Suddenly Saddam feels his age. Deprived of the elaborate security apparatus that maintained him in power for more than three decades, the 66-year-old deposed Iraqi dictator spends his days scurrying from one safe house to another, desperately trying to avoid the clutches of the American special forces who are now hot on his trail.
As coalition forces yesterday continued to interrogate several of Saddam's personal bodyguards, who were picked up on Friday in a raid on a house in al-Ouja, the dictator's birthplace, there was mounting confidence among coalition commanders that the former Iraqi leader is running out of places to hide.
Certainly, if Saddam were to be caught now it is unlikely that he would look anything like the confident, dark-haired, moustachioed figure depicted in countless portraits and statues. Just as his sons had grown beards and adopted traditional Arab dress to help conceal their true identities, so Saddam today would most probably be found sporting long grey hair and a long grey beard.

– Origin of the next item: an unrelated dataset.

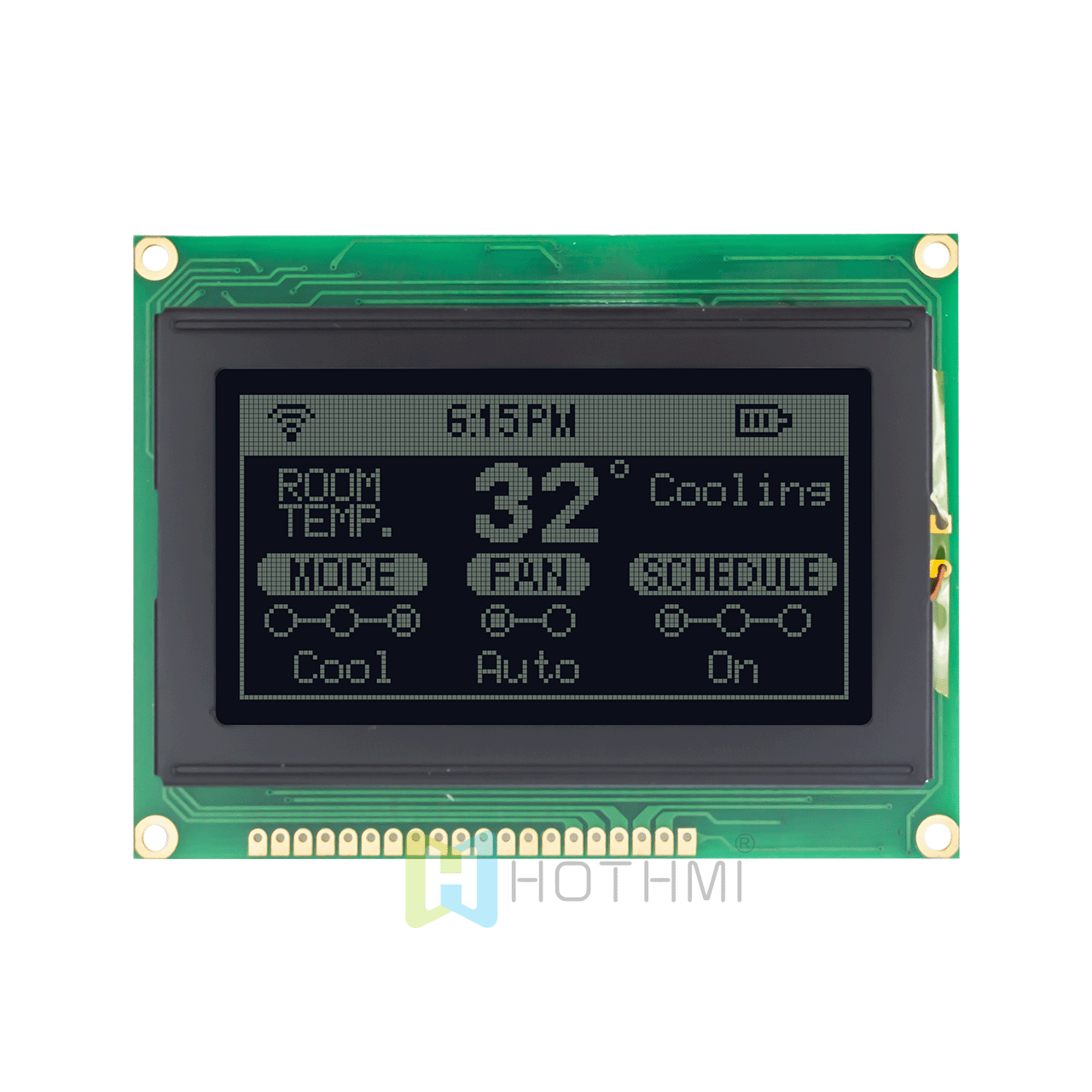 3.2 inch black graphic display/128x64 graphic LCD module / DFSTN negative white backlight/KS0108+KS0107 or compatible/5.0v/transflective polarizer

During the Gulf war in 1991, Saddam evaded capture by driving around the country in a camper van. A former bodyguard of his eldest son Uday last week claimed that Saddam had used a similar tactic during the present conflict, even driving around Baghdad in beaten-up old bangers after the Americans had taken control of the Iraqi capital.
The big difference between the last conflict and this, however, is that the Iraqi people now appear to have found the courage to betray their former leader.